*** Opening of DATA SEGMENT ***

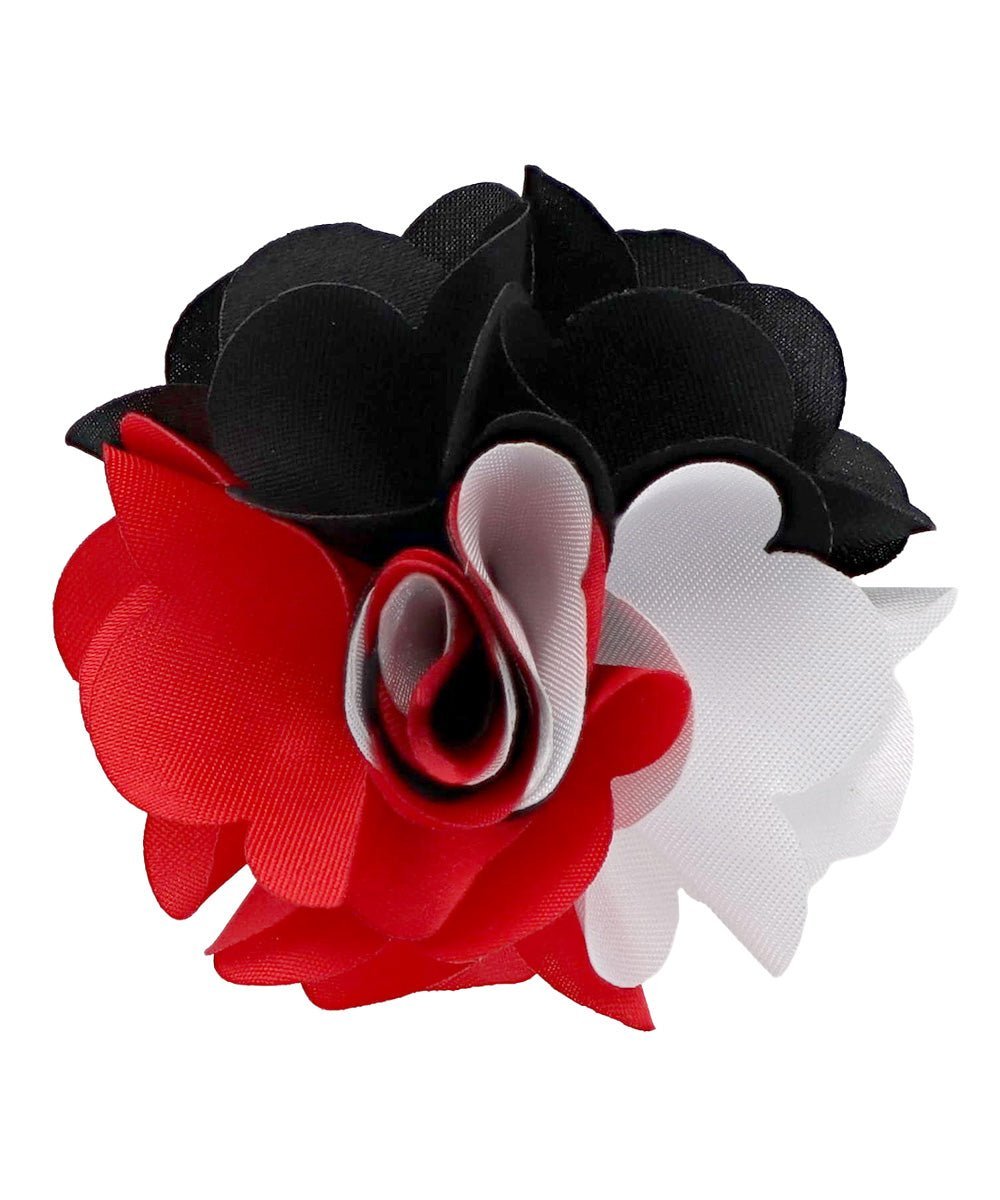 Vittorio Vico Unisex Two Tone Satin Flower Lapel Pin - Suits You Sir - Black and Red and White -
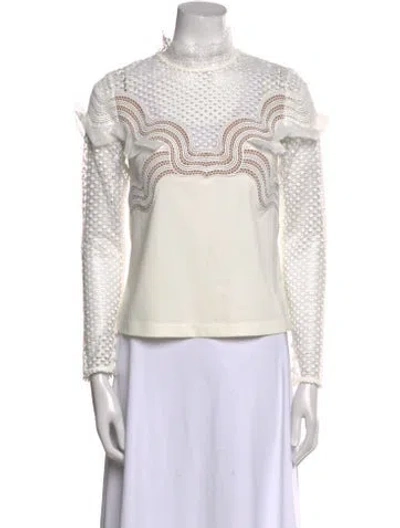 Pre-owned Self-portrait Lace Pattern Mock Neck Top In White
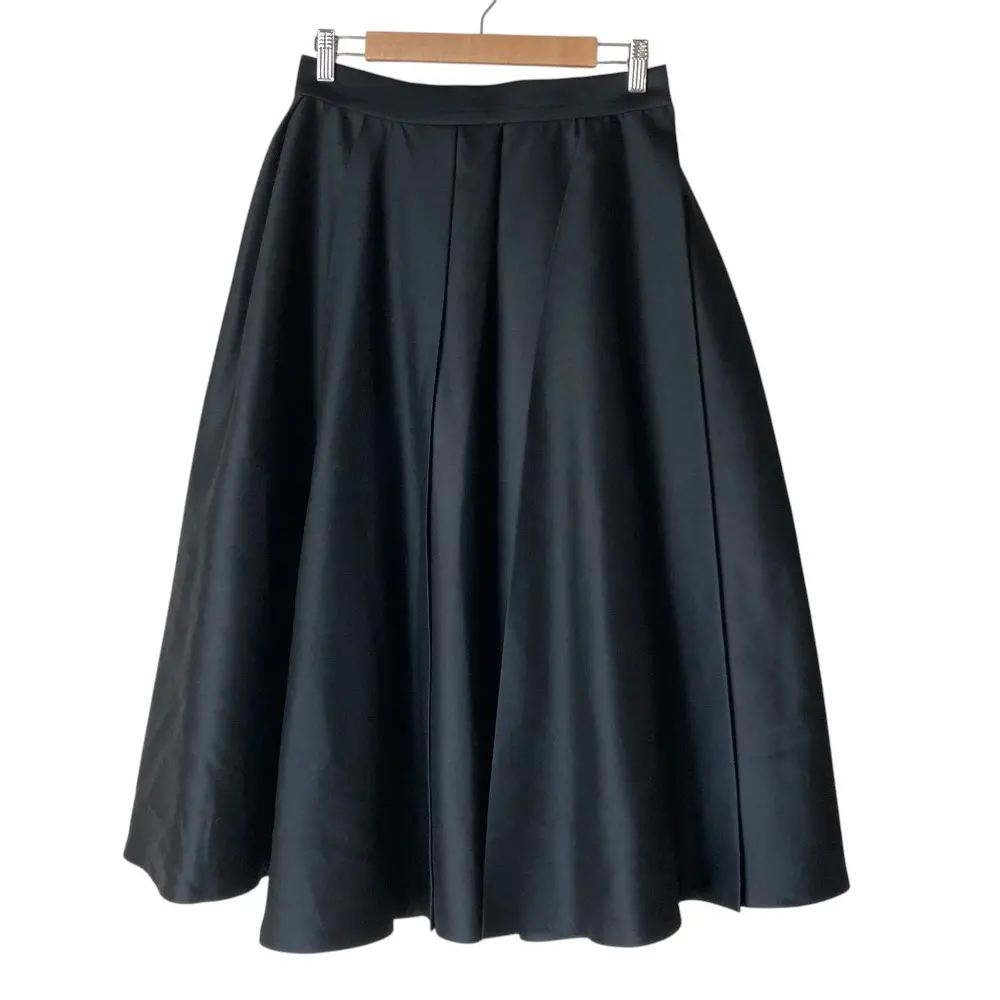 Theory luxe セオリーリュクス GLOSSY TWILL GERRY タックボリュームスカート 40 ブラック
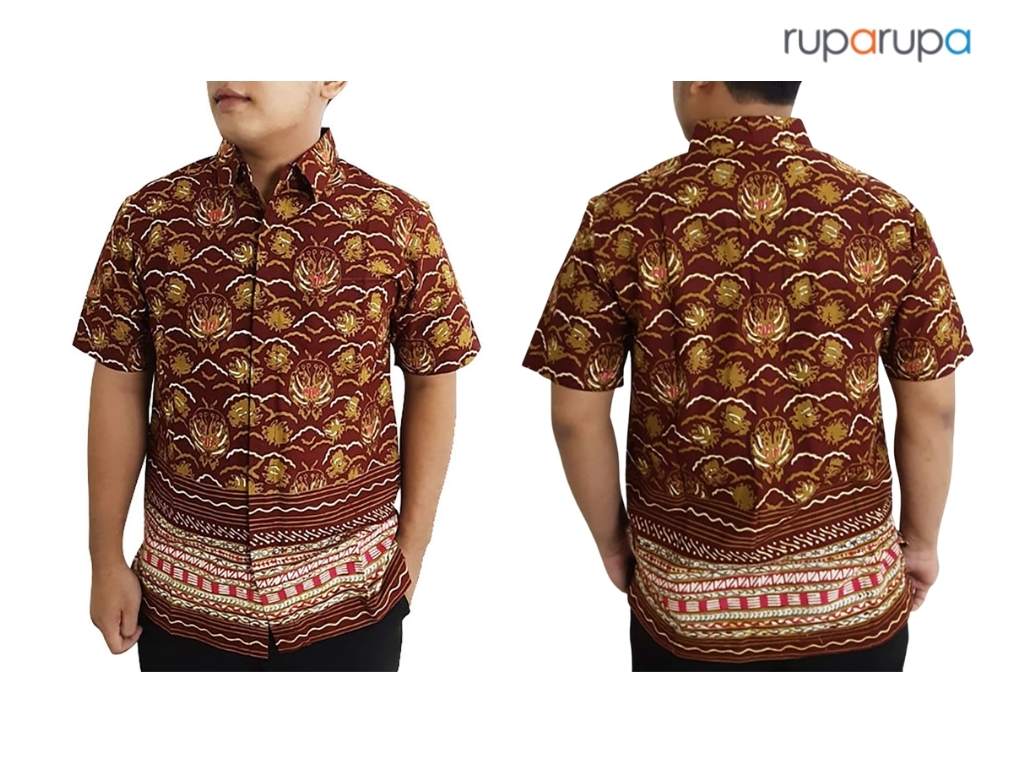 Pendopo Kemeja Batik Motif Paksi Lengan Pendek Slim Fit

*** Close of DATA SEGMENT ***

● **TASK BRIEF**: An exact copy of all the data above is required; omit any pictures.

● **SOLUTION BELOW**:
 Vittorio Vico Unisex Two Tone Satin Flower Lapel Pin - Suits You Sir - Black and Red and White -
 Pre-owned Self-portrait Lace Pattern Mock Neck Top In White
 Theory luxe セオリーリュクス GLOSSY TWILL GERRY タックボリュームスカート 40 ブラック
 Pendopo Kemeja Batik Motif Paksi Lengan Pendek Slim Fit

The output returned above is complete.